Limeback is a dentist and associate professor at the University of Toronto, where he chairs the Preventive Dentistry Department. He has a doctoral degree in biochemistry.

"There's a groundswell of scientists who are opposed to putting this in the water," Limeback said. "There's so much new science out there that should be weighed, versus the so-called benefits, which have declined."

George Brown, a pediatrician, was one of a few doctors who attended the lecture. Brown said Limeback's research is valuable, but he is still in favor of resuming fluoridation until the community has another way of assuring effective preventive dental care for children whose families cannot afford it.

"(Limeback) is very knowledgeable. He is a research scientist and he's raising a lot of issues that are important. I listened, I learned something, I respect the man and I respect the viewpoint," Brown said. "I'm coming from the point of view that to say no fluoride is necessary is just as extreme as to say it's not toxic at all, and more research needs to be done."

The maximum amount of fluoride allowed in drinking water is 4 milligrams per liter, a standard set by the Environmental Protection Agency in 1986. At levels higher than that, water is considered contaminated. Where fluoride is added to water, it is usually at .7 to 1.2 milligrams per liter. Fluoride also occurs naturally in many water supplies.

Limeback said that since fluoride accumulates in the body, it's not the concentration that is important. It's the overall dosage, or the overall amount that people swallow, that matters.
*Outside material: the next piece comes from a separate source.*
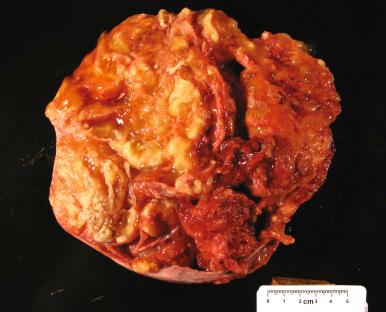 Fig. 25.47, Metastatic mucinous carcinoma from the colon for comparison. Metastatic disease must be excluded in any bilateral mucinous tumor that is grossly malignant.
So while the mainstream medical establishment still believes there is a safe concentration that can be achieved in drinking water, Limeback said those who drink it continually may build up toxic levels in their bodies. He does believe fluoride is beneficial if it is used directly on teeth, like it is with toothpaste.

Carolyn Brown, an obstetrician and chairwoman of the pro-fluoridation group Citizens for Dental Health, said the bottom line is that fluoridation provides public health benefits.

"The preponderance of evidence supports having fluoride in the water as a benefit to public health. For those few people who simply cannot abide having fluoridation in their water, there are any number of (water filtration) systems that are available that will take it out," said Carolyn Brown, who is married to George Brown.

Limeback was originally invited to Juneau to give a continuing education lecture to Bartlett Memorial Hospital staff. Bartlett's continuing education committee did not accept him, so arrangements were made to lecture to the general public.

He said he was disappointed that most of the medical profession in Juneau did not come to the lectures, and that critics who call his point of view "junk science" are "terribly ignorant."

Most dental programs in America do not have a course on fluoride toxicity, he said, so most dentists do not know its harmful effects on the body.